With the material below, print exactly the lines between the line holding "Cream Checkered MagSafe" and the line holding "USB-Ladekabel DeLOCK 3", inclusive. Add nothing else.

**PROVIDED RECORDS:**
== Segment start ==

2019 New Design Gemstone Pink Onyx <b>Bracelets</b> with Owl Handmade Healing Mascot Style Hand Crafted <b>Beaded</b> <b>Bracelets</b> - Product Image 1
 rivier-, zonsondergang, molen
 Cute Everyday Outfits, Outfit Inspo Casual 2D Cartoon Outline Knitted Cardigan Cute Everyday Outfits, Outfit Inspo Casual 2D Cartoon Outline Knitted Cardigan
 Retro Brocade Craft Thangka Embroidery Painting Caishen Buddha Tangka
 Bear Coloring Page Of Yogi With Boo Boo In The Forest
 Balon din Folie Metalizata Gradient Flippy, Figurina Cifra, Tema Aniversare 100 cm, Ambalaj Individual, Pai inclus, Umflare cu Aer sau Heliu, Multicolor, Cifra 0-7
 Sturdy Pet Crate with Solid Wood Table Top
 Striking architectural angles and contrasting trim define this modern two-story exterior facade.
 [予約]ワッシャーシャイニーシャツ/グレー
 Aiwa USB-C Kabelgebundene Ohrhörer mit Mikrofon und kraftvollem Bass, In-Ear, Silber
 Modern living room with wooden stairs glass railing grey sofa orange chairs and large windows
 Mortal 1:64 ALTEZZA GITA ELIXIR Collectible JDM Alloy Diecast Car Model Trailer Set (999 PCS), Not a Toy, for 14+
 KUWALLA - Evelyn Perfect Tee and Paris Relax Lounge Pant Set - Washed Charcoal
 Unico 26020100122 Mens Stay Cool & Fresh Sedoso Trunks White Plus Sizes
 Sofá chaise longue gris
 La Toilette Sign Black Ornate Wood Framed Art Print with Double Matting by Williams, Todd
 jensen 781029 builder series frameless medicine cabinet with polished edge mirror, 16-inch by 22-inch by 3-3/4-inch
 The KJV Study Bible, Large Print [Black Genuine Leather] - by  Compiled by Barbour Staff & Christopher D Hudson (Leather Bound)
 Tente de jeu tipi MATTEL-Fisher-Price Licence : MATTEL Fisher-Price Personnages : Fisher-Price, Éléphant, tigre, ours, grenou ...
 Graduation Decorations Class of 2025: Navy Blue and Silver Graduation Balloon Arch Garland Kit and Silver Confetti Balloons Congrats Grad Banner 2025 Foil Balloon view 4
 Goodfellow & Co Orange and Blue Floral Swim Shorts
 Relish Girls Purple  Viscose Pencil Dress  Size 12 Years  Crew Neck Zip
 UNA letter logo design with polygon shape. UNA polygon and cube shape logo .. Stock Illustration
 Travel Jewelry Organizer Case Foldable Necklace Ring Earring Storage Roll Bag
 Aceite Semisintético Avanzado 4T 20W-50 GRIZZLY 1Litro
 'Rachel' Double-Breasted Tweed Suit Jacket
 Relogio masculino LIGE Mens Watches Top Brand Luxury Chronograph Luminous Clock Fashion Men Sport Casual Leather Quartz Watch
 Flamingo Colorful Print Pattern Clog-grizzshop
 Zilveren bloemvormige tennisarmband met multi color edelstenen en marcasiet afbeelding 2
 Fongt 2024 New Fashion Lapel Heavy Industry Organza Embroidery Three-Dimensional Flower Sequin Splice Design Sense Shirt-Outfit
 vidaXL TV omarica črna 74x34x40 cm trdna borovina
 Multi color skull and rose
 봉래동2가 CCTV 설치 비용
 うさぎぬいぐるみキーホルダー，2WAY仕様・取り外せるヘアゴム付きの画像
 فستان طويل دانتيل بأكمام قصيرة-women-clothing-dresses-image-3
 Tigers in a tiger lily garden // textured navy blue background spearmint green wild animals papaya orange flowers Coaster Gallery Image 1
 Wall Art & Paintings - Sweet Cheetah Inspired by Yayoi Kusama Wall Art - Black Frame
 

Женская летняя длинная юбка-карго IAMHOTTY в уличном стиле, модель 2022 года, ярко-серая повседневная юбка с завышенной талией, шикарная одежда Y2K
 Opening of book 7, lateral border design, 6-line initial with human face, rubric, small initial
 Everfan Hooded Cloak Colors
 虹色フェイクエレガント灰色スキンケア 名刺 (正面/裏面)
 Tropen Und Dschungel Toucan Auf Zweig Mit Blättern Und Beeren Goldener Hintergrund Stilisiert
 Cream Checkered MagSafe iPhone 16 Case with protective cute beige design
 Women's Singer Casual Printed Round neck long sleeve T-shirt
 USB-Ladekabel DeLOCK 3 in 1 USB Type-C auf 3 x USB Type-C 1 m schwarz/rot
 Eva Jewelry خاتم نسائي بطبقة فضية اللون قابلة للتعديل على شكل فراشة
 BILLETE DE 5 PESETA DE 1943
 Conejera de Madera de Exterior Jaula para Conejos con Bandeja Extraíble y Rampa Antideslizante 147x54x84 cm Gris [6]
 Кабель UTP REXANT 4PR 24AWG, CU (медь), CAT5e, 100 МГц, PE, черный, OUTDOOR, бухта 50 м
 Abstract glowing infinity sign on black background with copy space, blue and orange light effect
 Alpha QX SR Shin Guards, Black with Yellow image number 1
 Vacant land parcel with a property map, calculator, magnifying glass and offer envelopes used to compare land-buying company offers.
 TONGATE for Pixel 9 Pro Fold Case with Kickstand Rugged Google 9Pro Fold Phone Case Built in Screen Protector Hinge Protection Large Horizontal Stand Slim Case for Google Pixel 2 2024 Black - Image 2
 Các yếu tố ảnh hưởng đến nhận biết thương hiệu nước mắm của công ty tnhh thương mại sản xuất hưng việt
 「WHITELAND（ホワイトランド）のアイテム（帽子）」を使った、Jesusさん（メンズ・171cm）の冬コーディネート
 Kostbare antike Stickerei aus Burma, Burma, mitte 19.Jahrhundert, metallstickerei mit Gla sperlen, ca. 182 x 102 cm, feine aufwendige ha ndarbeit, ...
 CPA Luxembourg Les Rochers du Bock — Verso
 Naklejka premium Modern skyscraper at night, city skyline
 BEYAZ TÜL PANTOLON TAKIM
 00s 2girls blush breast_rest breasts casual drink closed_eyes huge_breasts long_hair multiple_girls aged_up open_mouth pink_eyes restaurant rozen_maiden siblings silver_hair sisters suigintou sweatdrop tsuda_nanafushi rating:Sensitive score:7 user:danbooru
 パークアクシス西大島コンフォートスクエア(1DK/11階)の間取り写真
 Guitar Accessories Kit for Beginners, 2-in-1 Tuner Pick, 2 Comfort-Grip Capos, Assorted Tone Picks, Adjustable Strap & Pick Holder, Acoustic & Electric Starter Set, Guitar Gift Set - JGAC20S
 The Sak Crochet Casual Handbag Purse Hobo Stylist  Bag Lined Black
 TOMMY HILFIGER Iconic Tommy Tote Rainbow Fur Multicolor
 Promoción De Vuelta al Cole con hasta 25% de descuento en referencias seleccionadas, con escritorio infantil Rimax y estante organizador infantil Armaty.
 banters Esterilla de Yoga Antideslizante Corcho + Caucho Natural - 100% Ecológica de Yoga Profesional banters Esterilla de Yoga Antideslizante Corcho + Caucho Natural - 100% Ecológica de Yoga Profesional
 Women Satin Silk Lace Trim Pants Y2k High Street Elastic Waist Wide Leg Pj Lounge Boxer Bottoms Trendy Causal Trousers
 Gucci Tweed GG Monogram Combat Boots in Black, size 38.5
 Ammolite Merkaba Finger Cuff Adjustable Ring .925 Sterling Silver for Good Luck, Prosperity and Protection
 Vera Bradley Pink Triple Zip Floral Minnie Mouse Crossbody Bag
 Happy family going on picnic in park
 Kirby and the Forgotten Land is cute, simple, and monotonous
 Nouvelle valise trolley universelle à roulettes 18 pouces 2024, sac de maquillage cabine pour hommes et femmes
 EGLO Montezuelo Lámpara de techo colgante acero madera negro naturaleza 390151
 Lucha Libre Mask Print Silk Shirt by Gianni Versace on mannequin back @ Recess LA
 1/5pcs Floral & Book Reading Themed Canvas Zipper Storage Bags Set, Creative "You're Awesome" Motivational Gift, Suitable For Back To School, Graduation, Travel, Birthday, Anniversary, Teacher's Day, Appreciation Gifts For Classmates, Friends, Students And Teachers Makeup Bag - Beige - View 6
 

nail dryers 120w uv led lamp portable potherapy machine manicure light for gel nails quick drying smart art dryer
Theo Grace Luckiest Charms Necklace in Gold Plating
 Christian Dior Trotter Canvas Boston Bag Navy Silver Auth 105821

== Segment end ==

**THE COMPLETED TASK:**
 Cream Checkered MagSafe iPhone 16 Case with protective cute beige design
 Women's Singer Casual Printed Round neck long sleeve T-shirt
 USB-Ladekabel DeLOCK 3 in 1 USB Type-C auf 3 x USB Type-C 1 m schwarz/rot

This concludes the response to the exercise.